Lu, W., Atkinson, D.E., Newlands, N.K. (2017). ENSO climate risk: predicting crop yield variability and coherence using cluster-based PCA. Modeling Earth Systems and Environment, [online] 3(4), 1343-1359. http://dx.doi.org/10.1007/s40808-017-0382-0

Plain language summary

The El Nino Southern Oscillation (ENSO) event of 2015-16 was one the strongest of the last 30 years and it impacted agricultural production, decreasing global wine production, while increasing yields for major crops such as wheat. Climate variation globally accounts for up to a third of the observed variability in the yield of major crops.

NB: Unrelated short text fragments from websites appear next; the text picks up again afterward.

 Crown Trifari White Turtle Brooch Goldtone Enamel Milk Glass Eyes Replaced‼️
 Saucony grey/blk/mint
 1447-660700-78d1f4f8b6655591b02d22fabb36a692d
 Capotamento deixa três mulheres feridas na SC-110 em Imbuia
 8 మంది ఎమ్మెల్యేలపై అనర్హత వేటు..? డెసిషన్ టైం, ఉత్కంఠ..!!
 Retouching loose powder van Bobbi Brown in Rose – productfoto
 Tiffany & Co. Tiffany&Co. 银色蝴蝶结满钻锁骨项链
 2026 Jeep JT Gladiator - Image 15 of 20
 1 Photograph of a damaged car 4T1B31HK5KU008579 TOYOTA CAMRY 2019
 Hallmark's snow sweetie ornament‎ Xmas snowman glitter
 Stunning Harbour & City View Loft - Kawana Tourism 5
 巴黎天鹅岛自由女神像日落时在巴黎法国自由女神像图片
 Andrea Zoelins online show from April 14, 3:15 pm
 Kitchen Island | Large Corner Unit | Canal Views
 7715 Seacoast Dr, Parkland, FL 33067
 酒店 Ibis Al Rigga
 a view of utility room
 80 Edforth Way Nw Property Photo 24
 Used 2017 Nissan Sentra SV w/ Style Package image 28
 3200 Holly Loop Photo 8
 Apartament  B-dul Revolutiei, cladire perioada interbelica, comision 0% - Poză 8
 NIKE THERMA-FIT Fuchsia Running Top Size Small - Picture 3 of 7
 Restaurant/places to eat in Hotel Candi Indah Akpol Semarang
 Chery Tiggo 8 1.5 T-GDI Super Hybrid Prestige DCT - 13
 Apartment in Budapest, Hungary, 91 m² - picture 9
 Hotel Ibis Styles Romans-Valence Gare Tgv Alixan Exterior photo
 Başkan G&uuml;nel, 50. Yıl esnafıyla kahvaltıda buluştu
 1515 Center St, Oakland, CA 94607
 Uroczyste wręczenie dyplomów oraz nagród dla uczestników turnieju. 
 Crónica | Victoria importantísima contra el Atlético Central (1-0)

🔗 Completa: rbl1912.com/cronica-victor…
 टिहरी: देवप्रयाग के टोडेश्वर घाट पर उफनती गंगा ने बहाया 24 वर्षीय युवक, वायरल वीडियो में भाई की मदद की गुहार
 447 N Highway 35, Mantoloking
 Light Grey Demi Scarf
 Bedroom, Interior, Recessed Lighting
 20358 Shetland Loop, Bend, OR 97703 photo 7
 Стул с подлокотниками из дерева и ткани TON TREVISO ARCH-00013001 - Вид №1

In this study, the researchers explore how ENSO climate variability may impact wheat and barley crop yield across the Canadian Prairies. A novel mathematical model is constructed to predict crop yield under ENSO forcing and high risk areas. The model is able to identify different zones within large production regions like the Canadian Prairies, comprising a collection or cluster of census of agricultural regions. The model also predicts different levels of yield response to inter-annual climate variability based on historical yield and climate information. This work enhances our ability to predict changes in crop yield across large production areas under seasonal-to-subseasonal climate variability thereby improving accuracy and reliability of yield forecasts over the growing season. In this way, crop outlooks that incorporate such model-based forecasts of crop yield can assist farmers in making better, more informed crop management decisions, especially during strong El Nino and La Nina years where extreme drought and flooding conditions have a higher likelihood of occurrence.

Abstract

The El Niño–Southern Oscillation (ENSO) has, in recent years, contributed to increases in the yields of major agricultural (annual) crops like wheat and barley in Canada. How such forcing alters the pattern of yield variation across different geographic scales and across large agricultural landscapes like the Canadian Prairies is less understood. Yet, such questions are of major importance in forecasting future cereal crop production. We explore the potential impact of ENSO on wheat and barley across the Canadian Prairies/Western Canada using a multi-scale, cluster-based principal component analysis (PCA) model that integrates machine-learning (K-means clustering) to predict areas of high climate risk. These risk areas are separable clusters of subregions that show similar ENSO-yield correlation response (spatial coherency). Benchmarking this spatial model to non-spatial models indicates that spatial coherency leads to gains in prediction skill. Incorporating spatial coherency increased the skill in predicting crop yield; reducing RMSE error by up to 26–34% (spring wheat) and 2–4% (barley). We infer that accounting for spatial coherency improves the accuracy and reliability of crop yield forecasts.